WHAT YOU SHOULD DO:
Your job is to print, exactly, the lines in the data below from the line with "Duas garotas loiras" through the line with "A beige sofa", both included, and to omit any picture.

Brief descriptive captions:
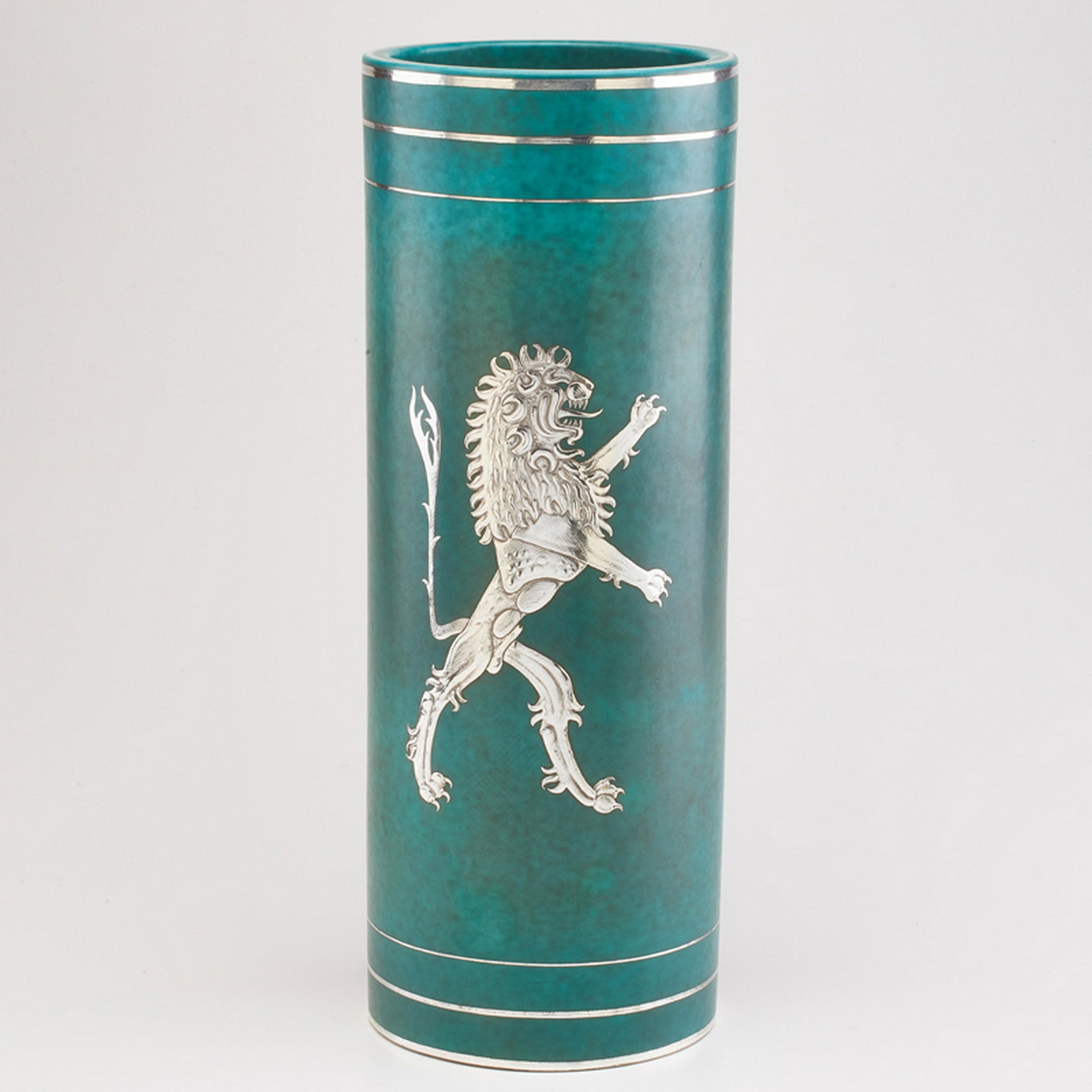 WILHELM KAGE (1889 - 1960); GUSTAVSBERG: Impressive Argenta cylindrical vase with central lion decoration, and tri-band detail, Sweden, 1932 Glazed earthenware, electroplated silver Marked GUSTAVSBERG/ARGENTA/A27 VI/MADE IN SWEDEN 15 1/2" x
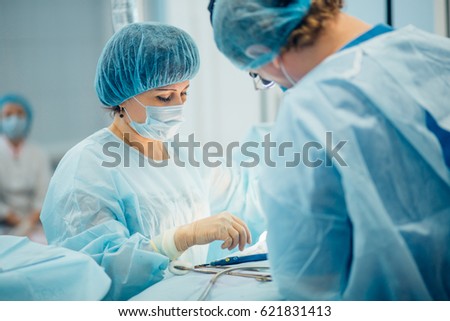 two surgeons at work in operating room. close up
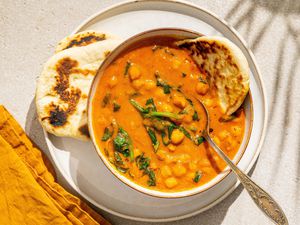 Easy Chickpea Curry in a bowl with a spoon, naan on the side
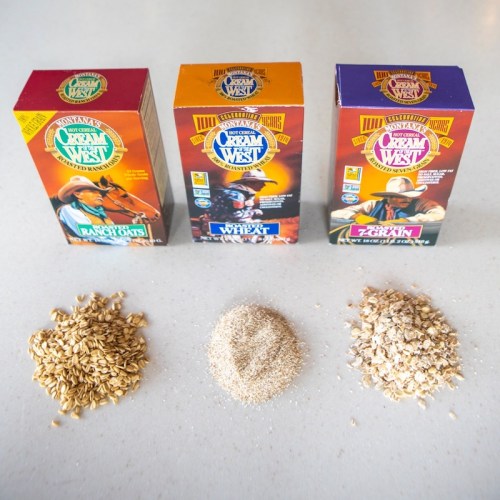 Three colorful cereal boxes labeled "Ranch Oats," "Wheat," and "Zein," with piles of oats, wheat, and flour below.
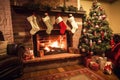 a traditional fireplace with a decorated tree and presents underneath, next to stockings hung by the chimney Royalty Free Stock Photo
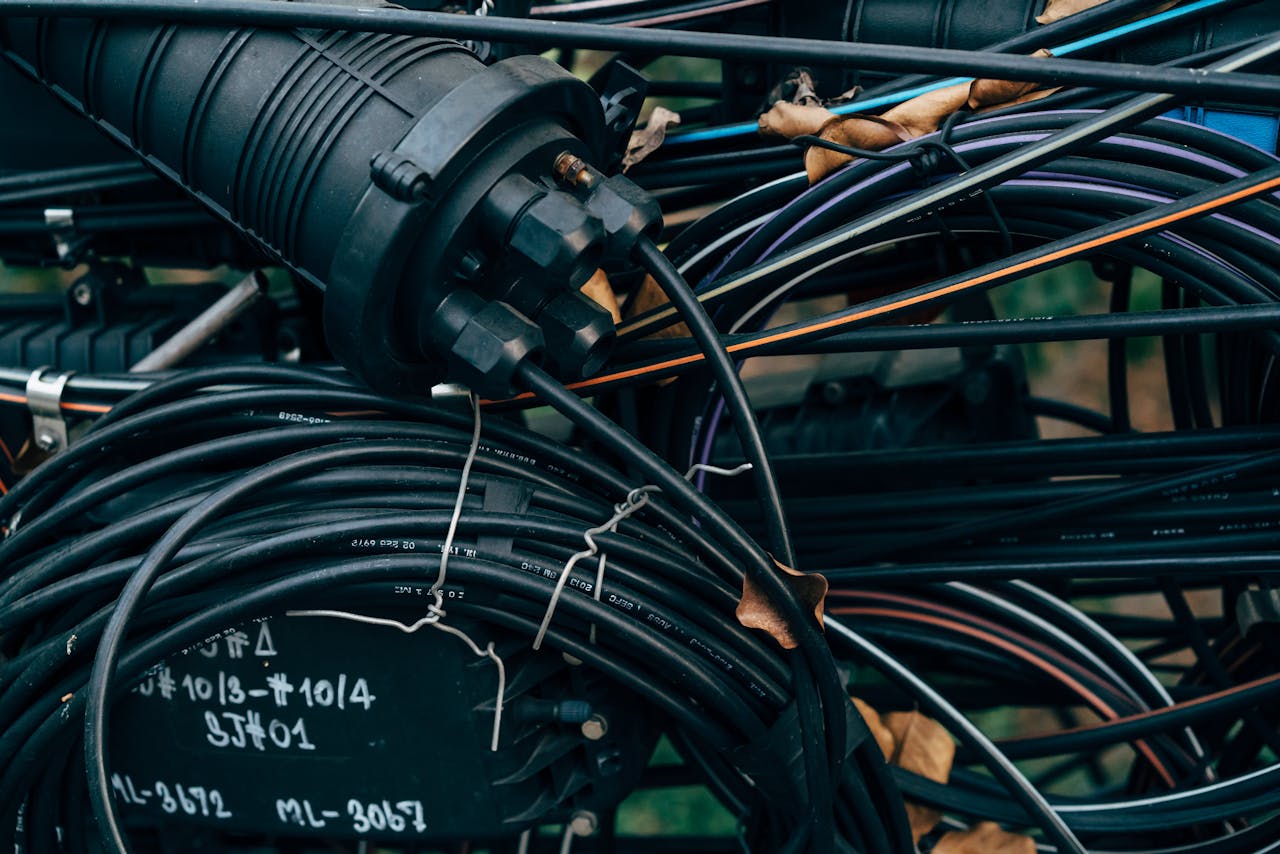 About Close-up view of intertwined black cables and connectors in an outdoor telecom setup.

---

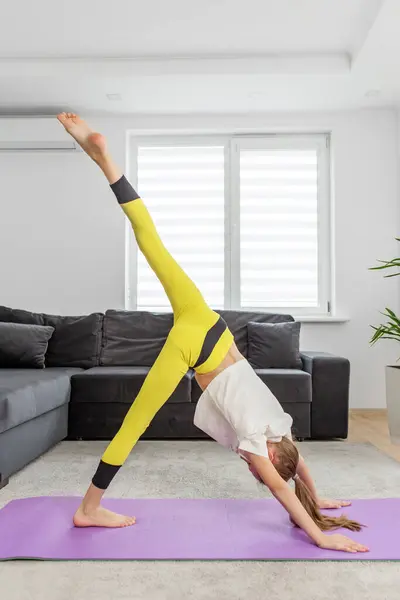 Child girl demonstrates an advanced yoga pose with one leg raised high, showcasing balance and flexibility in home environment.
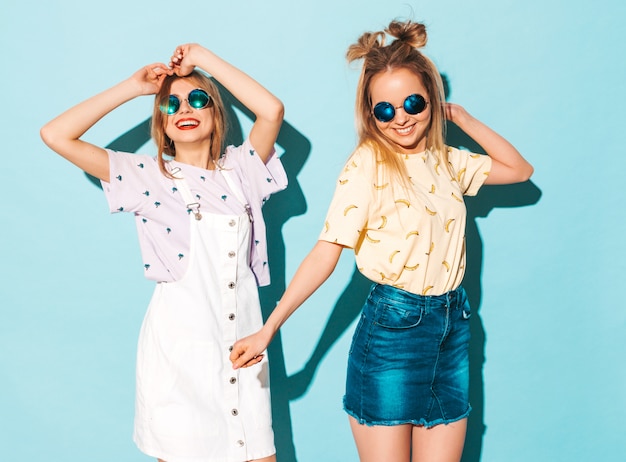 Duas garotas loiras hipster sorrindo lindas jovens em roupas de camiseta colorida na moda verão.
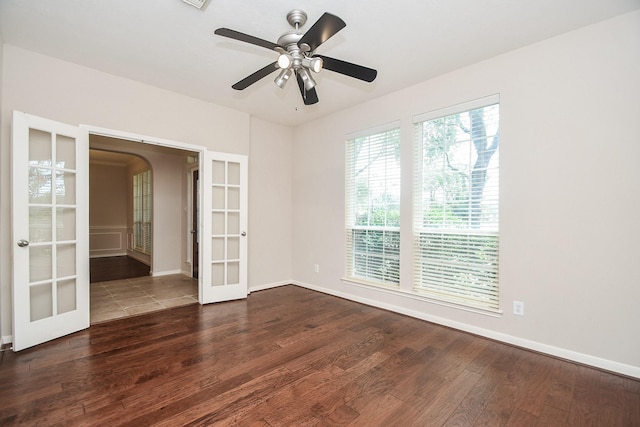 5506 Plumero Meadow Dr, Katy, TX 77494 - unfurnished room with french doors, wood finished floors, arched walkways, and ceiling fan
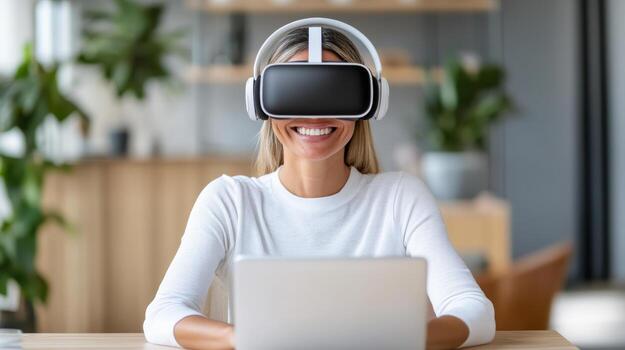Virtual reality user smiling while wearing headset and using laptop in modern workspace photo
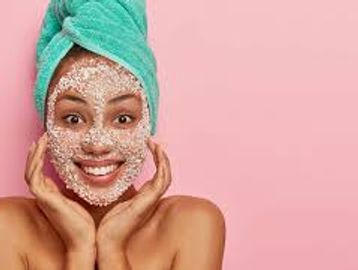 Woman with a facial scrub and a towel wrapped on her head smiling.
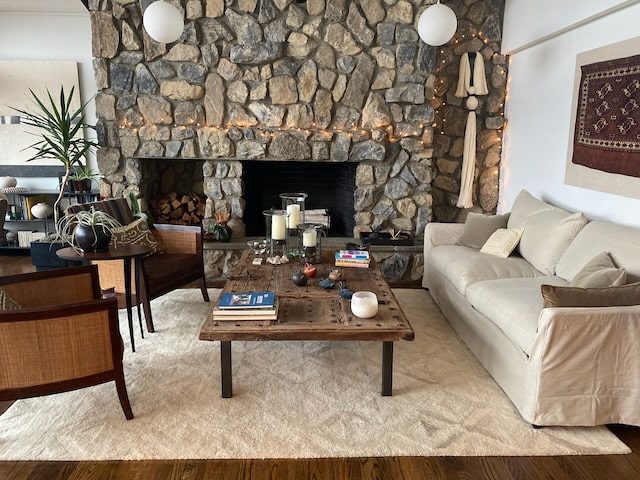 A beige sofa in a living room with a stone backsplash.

EXERCISE RESULT:
 Duas garotas loiras hipster sorrindo lindas jovens em roupas de camiseta colorida na moda verão.
 5506 Plumero Meadow Dr, Katy, TX 77494 - unfurnished room with french doors, wood finished floors, arched walkways, and ceiling fan
Virtual reality user smiling while wearing headset and using laptop in modern workspace photo
 Woman with a facial scrub and a towel wrapped on her head smiling.
 A beige sofa in a living room with a stone backsplash.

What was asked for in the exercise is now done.